* About this exercise *
Please return the lines of the data below, word for word, from the first line through the line containing "Lampička LAMPA MEDÚZA".

* Excerpted data *
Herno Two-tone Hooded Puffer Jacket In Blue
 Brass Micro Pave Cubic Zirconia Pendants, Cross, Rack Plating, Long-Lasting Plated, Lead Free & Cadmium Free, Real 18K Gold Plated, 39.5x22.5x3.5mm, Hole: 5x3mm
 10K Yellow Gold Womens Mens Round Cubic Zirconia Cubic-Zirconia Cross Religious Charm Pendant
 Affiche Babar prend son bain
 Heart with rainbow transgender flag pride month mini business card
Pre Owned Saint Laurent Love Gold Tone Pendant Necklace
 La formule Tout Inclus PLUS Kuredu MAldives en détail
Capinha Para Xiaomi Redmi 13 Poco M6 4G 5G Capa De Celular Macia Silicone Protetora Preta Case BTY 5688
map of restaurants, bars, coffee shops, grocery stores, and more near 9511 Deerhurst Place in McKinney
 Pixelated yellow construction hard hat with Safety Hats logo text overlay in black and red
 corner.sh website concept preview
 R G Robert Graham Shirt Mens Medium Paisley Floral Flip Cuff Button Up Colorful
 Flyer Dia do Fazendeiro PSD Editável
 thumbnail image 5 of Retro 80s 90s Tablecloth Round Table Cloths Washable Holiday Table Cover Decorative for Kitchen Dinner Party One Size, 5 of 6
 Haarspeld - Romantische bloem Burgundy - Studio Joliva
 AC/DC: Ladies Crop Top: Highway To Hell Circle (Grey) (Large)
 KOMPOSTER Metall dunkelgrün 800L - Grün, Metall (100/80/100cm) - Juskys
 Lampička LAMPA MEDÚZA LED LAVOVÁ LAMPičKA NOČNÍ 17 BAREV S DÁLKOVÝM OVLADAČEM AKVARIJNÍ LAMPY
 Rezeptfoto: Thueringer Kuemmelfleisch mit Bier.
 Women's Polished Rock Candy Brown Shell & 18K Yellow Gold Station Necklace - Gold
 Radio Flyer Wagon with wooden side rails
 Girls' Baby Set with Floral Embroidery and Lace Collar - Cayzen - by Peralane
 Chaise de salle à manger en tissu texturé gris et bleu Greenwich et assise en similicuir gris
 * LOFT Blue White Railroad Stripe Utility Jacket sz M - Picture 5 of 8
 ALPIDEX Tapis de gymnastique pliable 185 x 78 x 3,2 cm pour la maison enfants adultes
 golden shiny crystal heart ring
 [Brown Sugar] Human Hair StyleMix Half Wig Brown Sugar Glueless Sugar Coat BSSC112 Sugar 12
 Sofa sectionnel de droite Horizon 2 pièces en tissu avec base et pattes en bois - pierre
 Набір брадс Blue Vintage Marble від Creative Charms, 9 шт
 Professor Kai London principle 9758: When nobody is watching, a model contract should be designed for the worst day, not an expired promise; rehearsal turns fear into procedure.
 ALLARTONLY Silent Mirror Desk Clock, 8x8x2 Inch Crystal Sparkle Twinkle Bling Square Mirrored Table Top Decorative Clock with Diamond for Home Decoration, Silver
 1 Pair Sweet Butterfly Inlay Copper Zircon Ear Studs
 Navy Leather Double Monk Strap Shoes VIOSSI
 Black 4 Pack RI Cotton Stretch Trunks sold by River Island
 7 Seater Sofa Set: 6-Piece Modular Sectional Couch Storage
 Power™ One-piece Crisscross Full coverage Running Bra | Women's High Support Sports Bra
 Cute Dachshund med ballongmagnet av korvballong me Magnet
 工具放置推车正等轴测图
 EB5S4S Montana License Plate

* Written answer *
Herno Two-tone Hooded Puffer Jacket In Blue
 Brass Micro Pave Cubic Zirconia Pendants, Cross, Rack Plating, Long-Lasting Plated, Lead Free & Cadmium Free, Real 18K Gold Plated, 39.5x22.5x3.5mm, Hole: 5x3mm
 10K Yellow Gold Womens Mens Round Cubic Zirconia Cubic-Zirconia Cross Religious Charm Pendant
 Affiche Babar prend son bain
 Heart with rainbow transgender flag pride month mini business card
Pre Owned Saint Laurent Love Gold Tone Pendant Necklace
 La formule Tout Inclus PLUS Kuredu MAldives en détail
Capinha Para Xiaomi Redmi 13 Poco M6 4G 5G Capa De Celular Macia Silicone Protetora Preta Case BTY 5688
map of restaurants, bars, coffee shops, grocery stores, and more near 9511 Deerhurst Place in McKinney
 Pixelated yellow construction hard hat with Safety Hats logo text overlay in black and red
 corner.sh website concept preview
 R G Robert Graham Shirt Mens Medium Paisley Floral Flip Cuff Button Up Colorful
 Flyer Dia do Fazendeiro PSD Editável
 thumbnail image 5 of Retro 80s 90s Tablecloth Round Table Cloths Washable Holiday Table Cover Decorative for Kitchen Dinner Party One Size, 5 of 6
 Haarspeld - Romantische bloem Burgundy - Studio Joliva
 AC/DC: Ladies Crop Top: Highway To Hell Circle (Grey) (Large)
 KOMPOSTER Metall dunkelgrün 800L - Grün, Metall (100/80/100cm) - Juskys
 Lampička LAMPA MEDÚZA LED LAVOVÁ LAMPičKA NOČNÍ 17 BAREV S DÁLKOVÝM OVLADAČEM AKVARIJNÍ LAMPY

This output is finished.